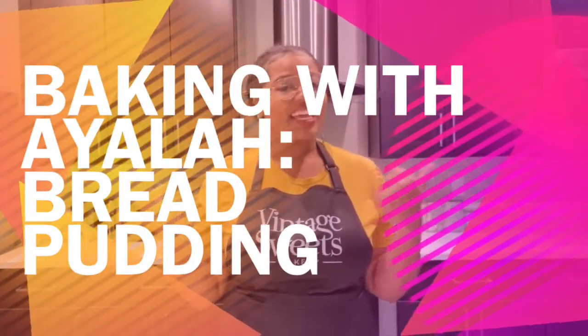Welcome back everybody! Thank you for joining us this week. Today we'll be making bread pudding. Now I'm gonna be honest, guys — this is the first time I've made this recipe ever. It's the first time I've made bread pudding ever.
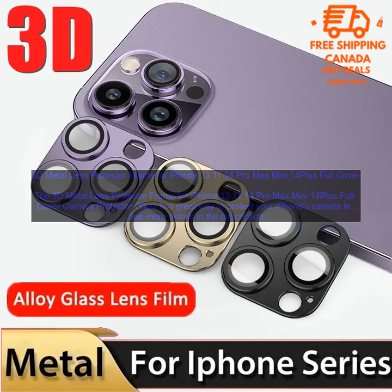If you are looking for a way to protect your iPhone's camera lens, the 3D Metal Lens Protector Frame for iPhone 13, 11, 14 Pro Max Mini 14 Plus Full Cover Camera Protector Glass is a great option. It is affordable, easy to use, and does not interfere with the use of your phone's camera.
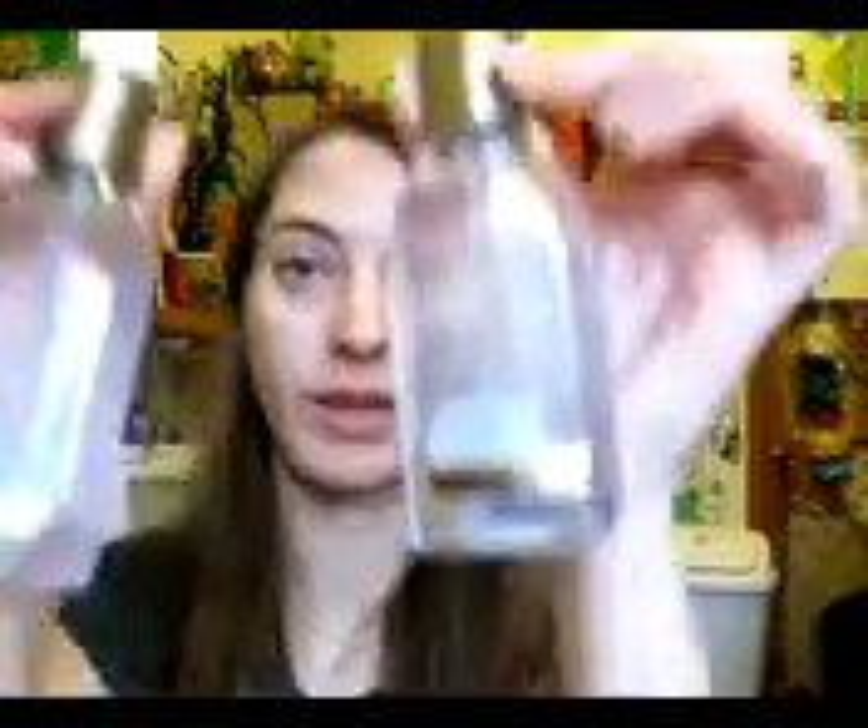Hi everyone. Today I'm going to do a review on the Organics hair serums. The first one is the Nourishing Coconut Milk Anti-Breakage Serum, and the second one is the Soft and Silky Vanilla Silk Serum.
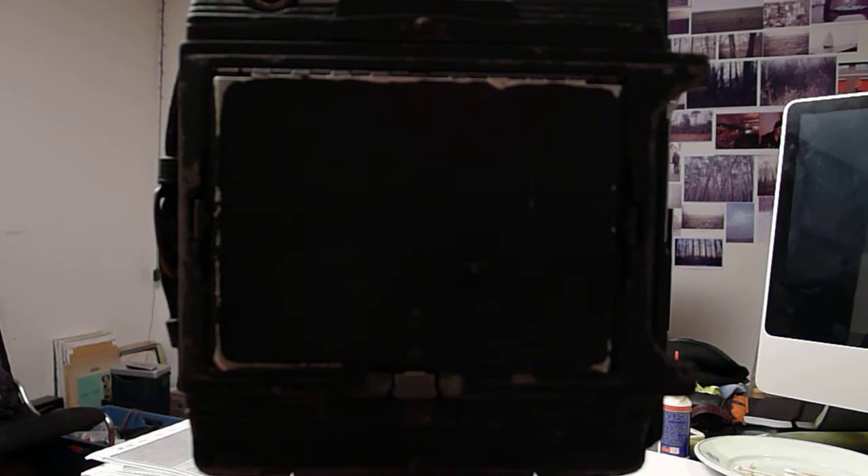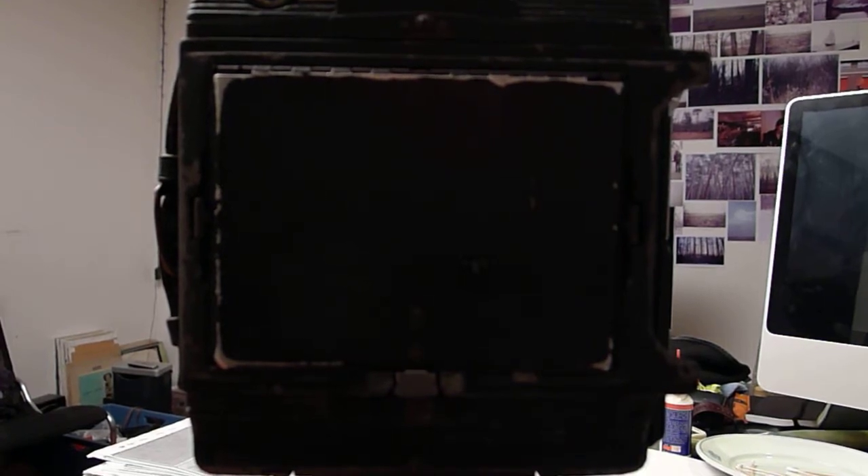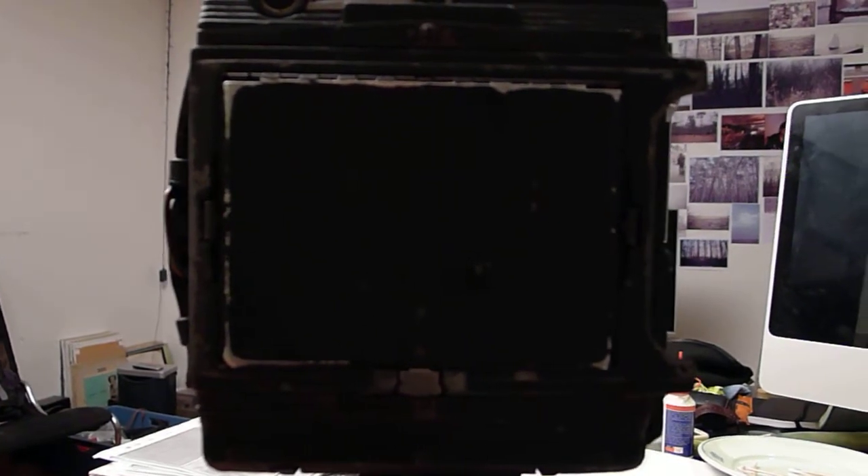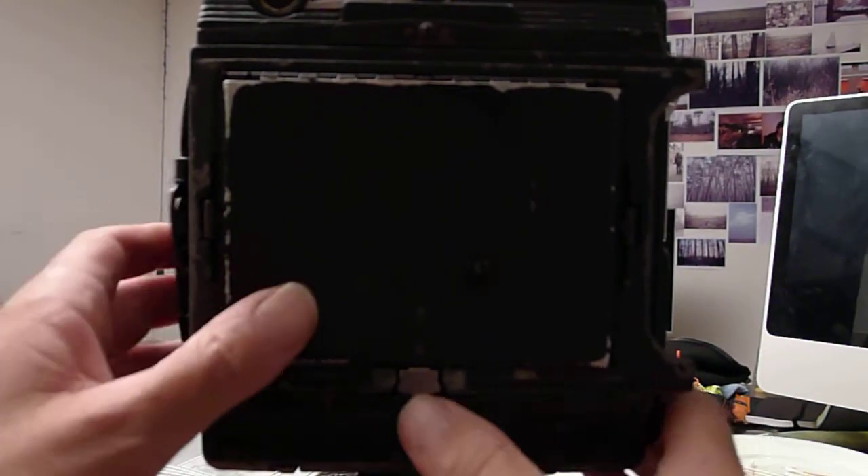Now you're looking at the back side of this camera. I'm going to open it up so you can have a look at the ground glass. You can see it's even focused. Ground glass focusing isn't the quickest thing to do but it's the nicest. You can really see what you will get on your picture.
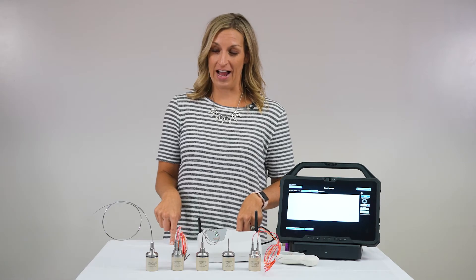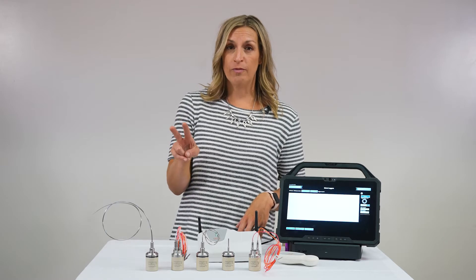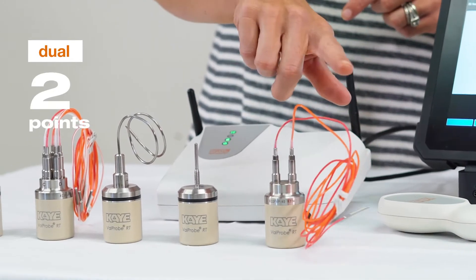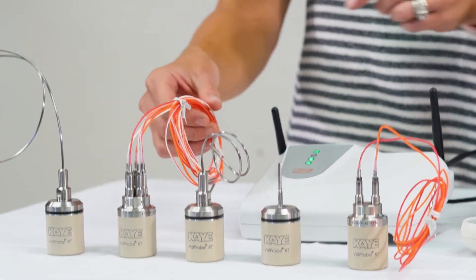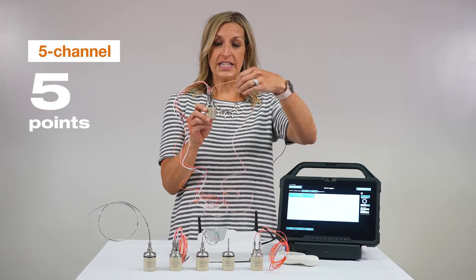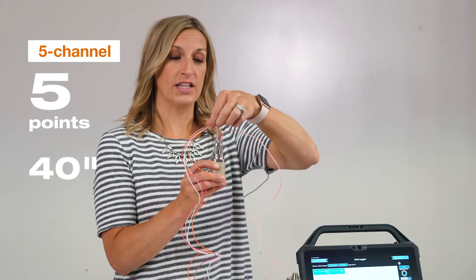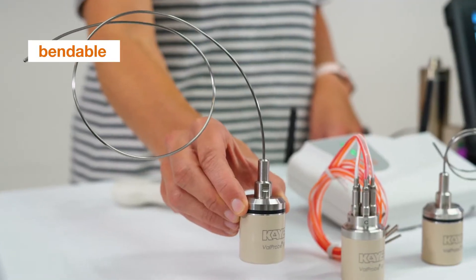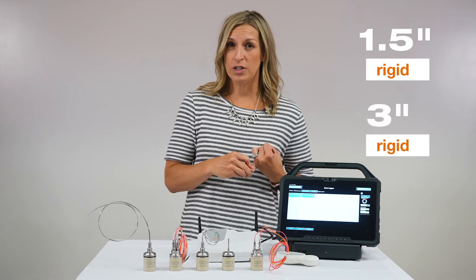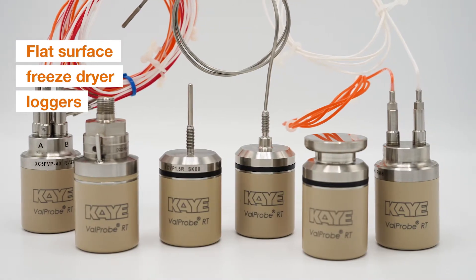Within the real-time valve probe product line, we have an array of sensors for your applications. Two newly added options are the dual logger, giving you two points per one valve probe, and our most popular — the five-channel logger, which gives you five points on one valve probe using a 40-inch ultra-flexible design to hit five spots in one area. We also have the bendable, the 1.5-inch rigid, a 3-inch rigid, and our flat surface freeze dryer loggers.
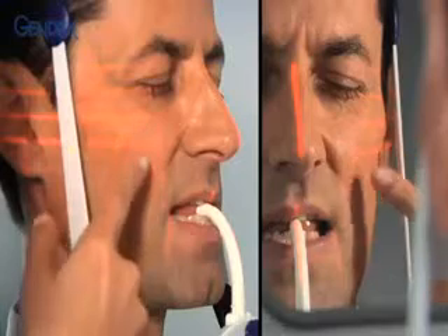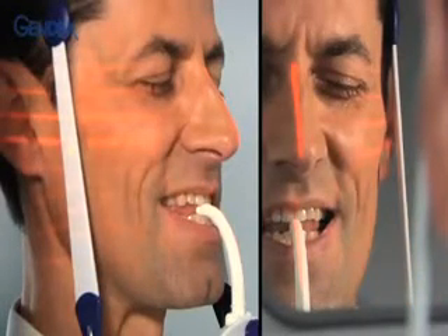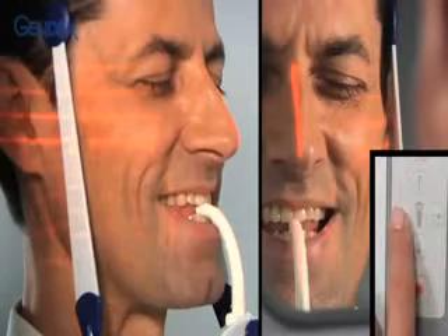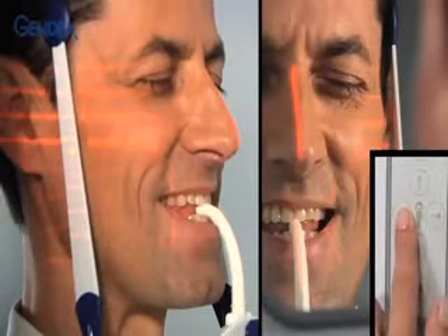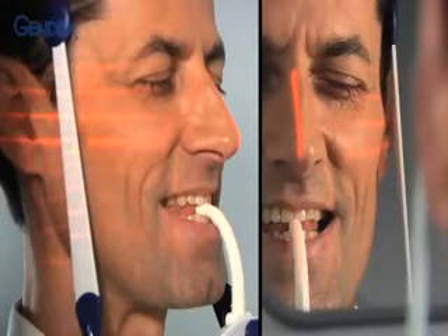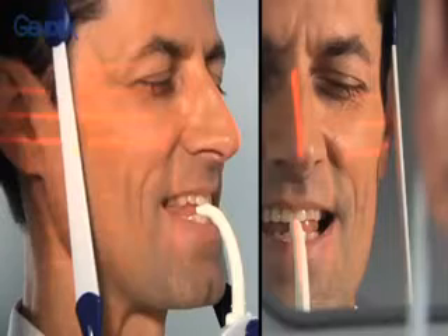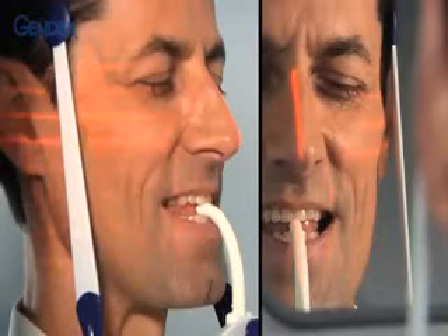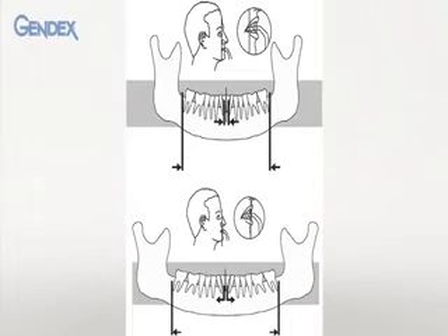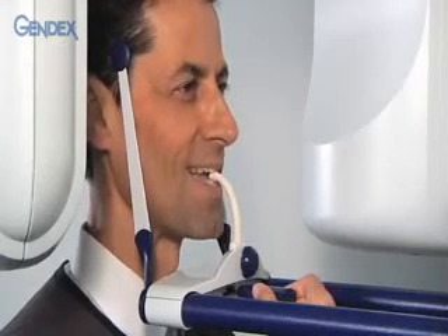Next, adjust the lateral vertical line while ensuring that the patient doesn't move. Use the forward and back buttons until the laser line is positioned in the center of the upper cuspid. If the patient is too far forward or back of the vertical line, the image will be shortened or elongated respectively. To stabilize the patient, carefully adjust the head supports so that they are gently pushing against the patient's head on either side.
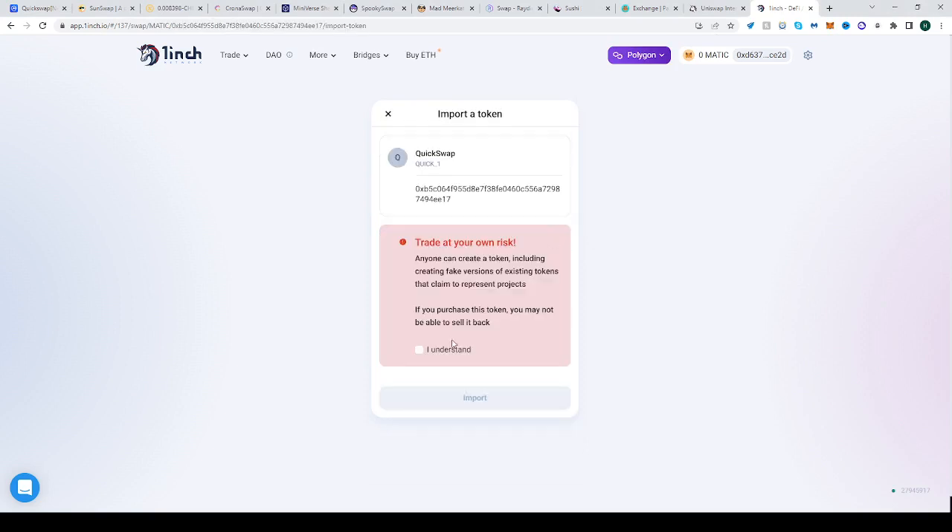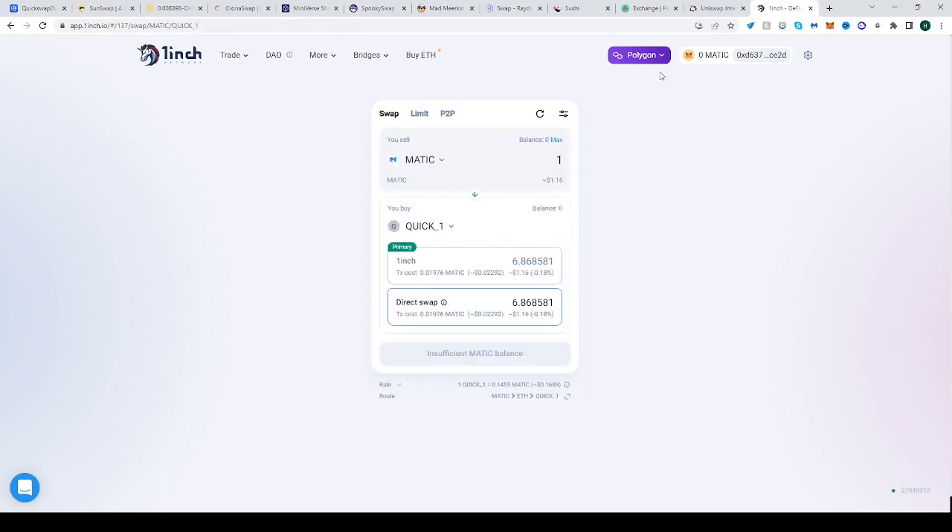Paste the contract address we just copied, click 'Import', click 'Understand', click 'Import', and that's it. Here's some MATIC — go to QUICK. That's it, hope this helped, happy trading!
--
EXERCISE DIRECTIONS:
Starting from the line with "If you are looking" in the records above, repeat each line exactly until you have written the line with "Within the real-time", then stop; drop the pictures.

SOLUTION TO THIS EXERCISE:
If you are looking for a way to protect your iPhone's camera lens, the 3D Metal Lens Protector Frame for iPhone 13, 11, 14 Pro Max Mini 14 Plus Full Cover Camera Protector Glass is a great option. It is affordable, easy to use, and does not interfere with the use of your phone's camera.
Hi everyone. Today I'm going to do a review on the Organics hair serums. The first one is the Nourishing Coconut Milk Anti-Breakage Serum, and the second one is the Soft and Silky Vanilla Silk Serum.
Now you're looking at the back side of this camera. I'm going to open it up so you can have a look at the ground glass. You can see it's even focused. Ground glass focusing isn't the quickest thing to do but it's the nicest. You can really see what you will get on your picture.
Within the real-time valve probe product line, we have an array of sensors for your applications. Two newly added options are the dual logger, giving you two points per one valve probe, and our most popular — the five-channel logger, which gives you five points on one valve probe using a 40-inch ultra-flexible design to hit five spots in one area. We also have the bendable, the 1.5-inch rigid, a 3-inch rigid, and our flat surface freeze dryer loggers.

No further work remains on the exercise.